**Information supplied**:
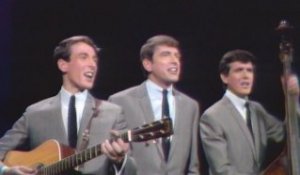 The Bachelors - Love Me With All Your Heart (Live On The Ed Sullivan Show, May 15, 1966)
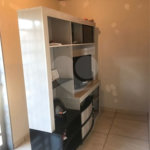 Casa térrea com 3 dormitórios, sendo 1 suíte.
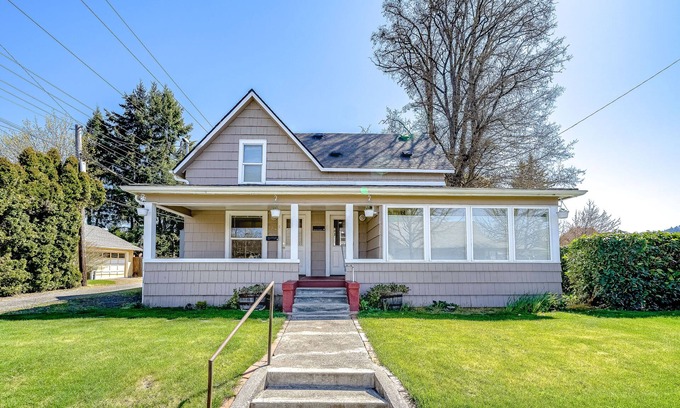 Springfield Casa | Charming Home w/ Fast WiFi, a Private Washer/Dryer, & Two Kitchens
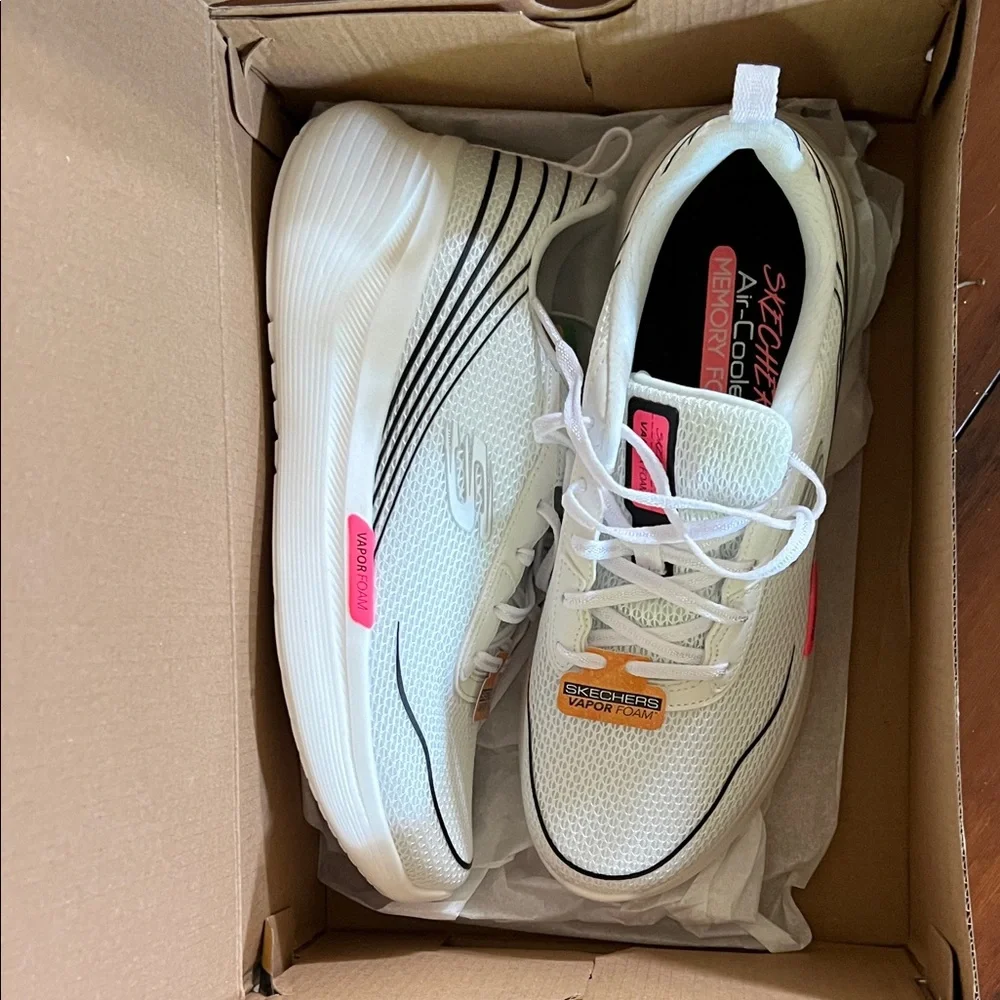 Skechers Women Size 9.5 Vapor Plus Light Hot Pink Running Shoe - Picture 2 of 4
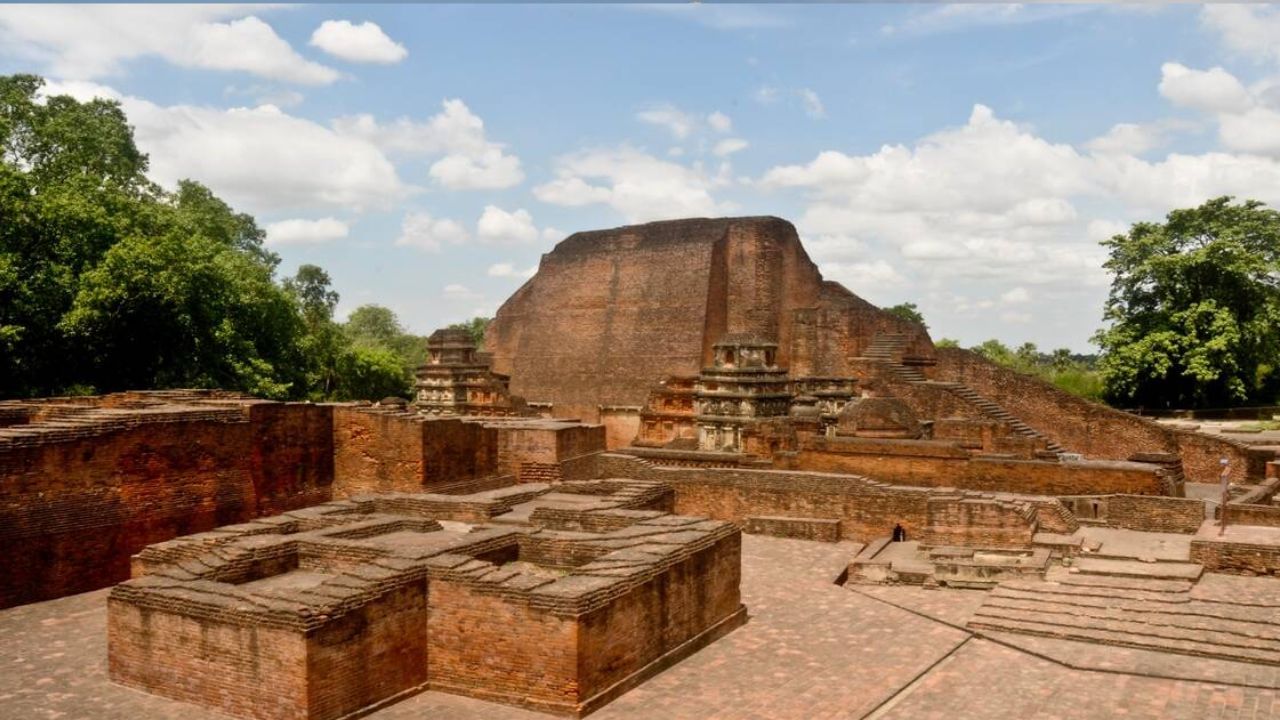 ভারত তথা বিশ্বের প্রাচীনতম বিশ্ববিদ্যালয় ছিল নালন্দা। হিউয়েন সাংয়ের মতো চিনা পর্যটকও এখানে এসেছিলেন এবং নালন্দাকে ঘিরে ভারতের নানা গৌরবময় ইতিহাস রয়েছে। তাই এবারের বাজেটে নালন্দার পর্যটনে বিশেষ জোর দেওয়া হয়েছে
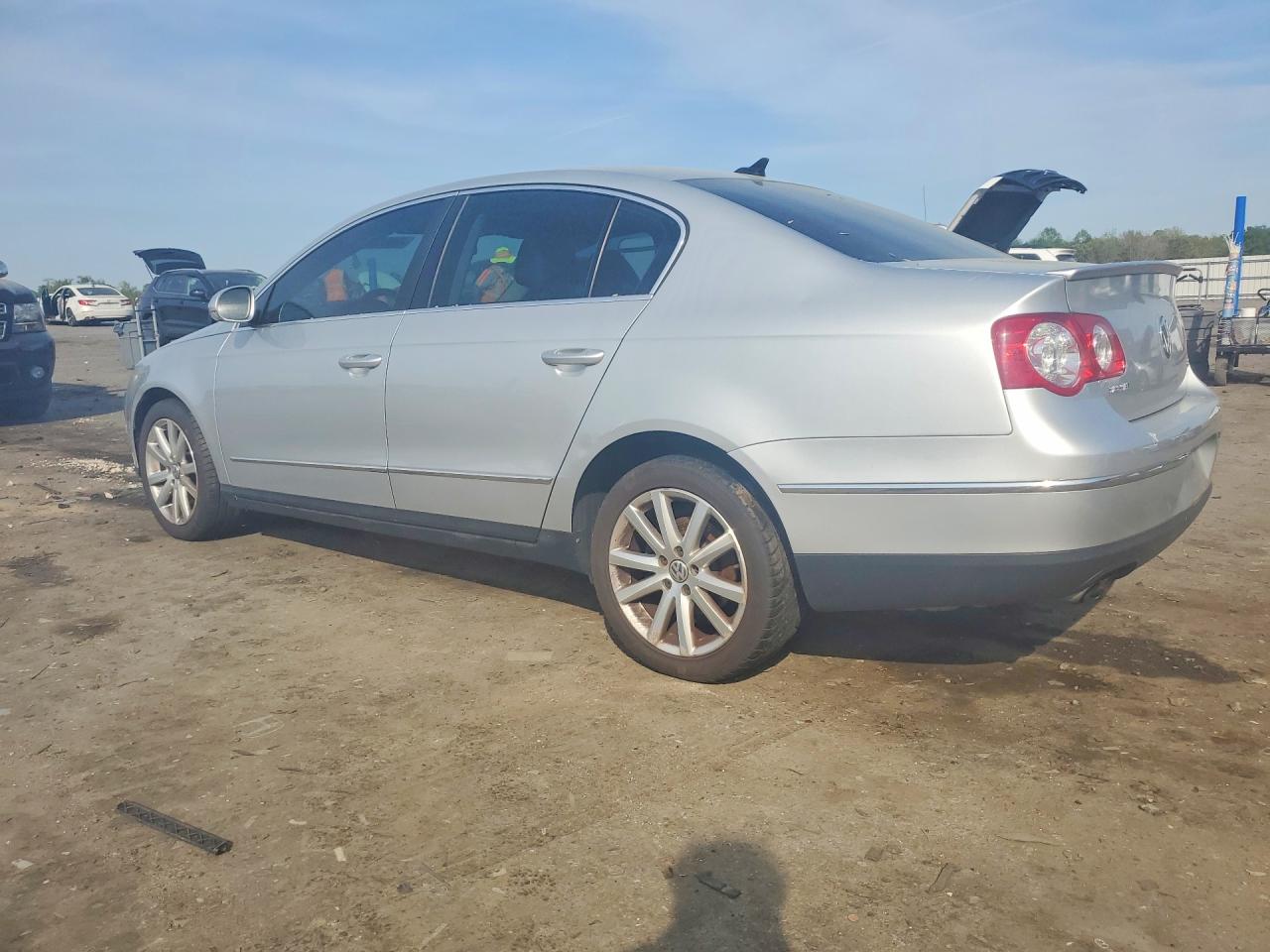 2010 VOLKSWAGEN PASSAT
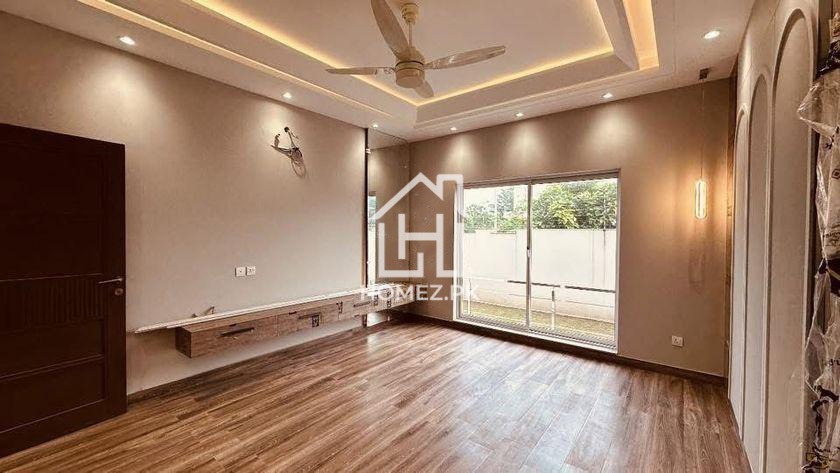 Looking for a premium 1 Kanal house for sale in DHA Phase 6, Lahore? This stunning PKR 14 Crore luxury residence offers an ideal combination.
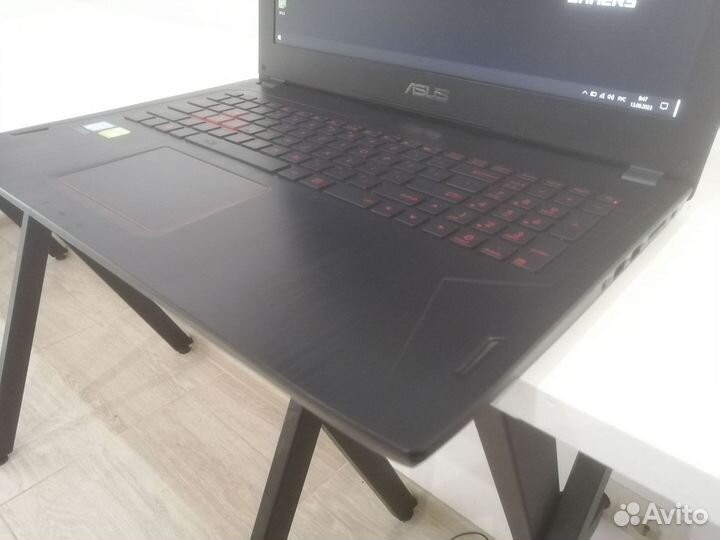 Игровой ноутбук asus Full HD i7/GTX 1060/16GB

**Aim of the task**: Your answer must reproduce exactly the lines from the line with "Casa térrea com" through the end of the material, both ends included, with every picture dropped.

**Task response**:
 Casa térrea com 3 dormitórios, sendo 1 suíte.
 Springfield Casa | Charming Home w/ Fast WiFi, a Private Washer/Dryer, & Two Kitchens
 Skechers Women Size 9.5 Vapor Plus Light Hot Pink Running Shoe - Picture 2 of 4
 ভারত তথা বিশ্বের প্রাচীনতম বিশ্ববিদ্যালয় ছিল নালন্দা। হিউয়েন সাংয়ের মতো চিনা পর্যটকও এখানে এসেছিলেন এবং নালন্দাকে ঘিরে ভারতের নানা গৌরবময় ইতিহাস রয়েছে। তাই এবারের বাজেটে নালন্দার পর্যটনে বিশেষ জোর দেওয়া হয়েছে
 2010 VOLKSWAGEN PASSAT
 Looking for a premium 1 Kanal house for sale in DHA Phase 6, Lahore? This stunning PKR 14 Crore luxury residence offers an ideal combination.
 Игровой ноутбук asus Full HD i7/GTX 1060/16GB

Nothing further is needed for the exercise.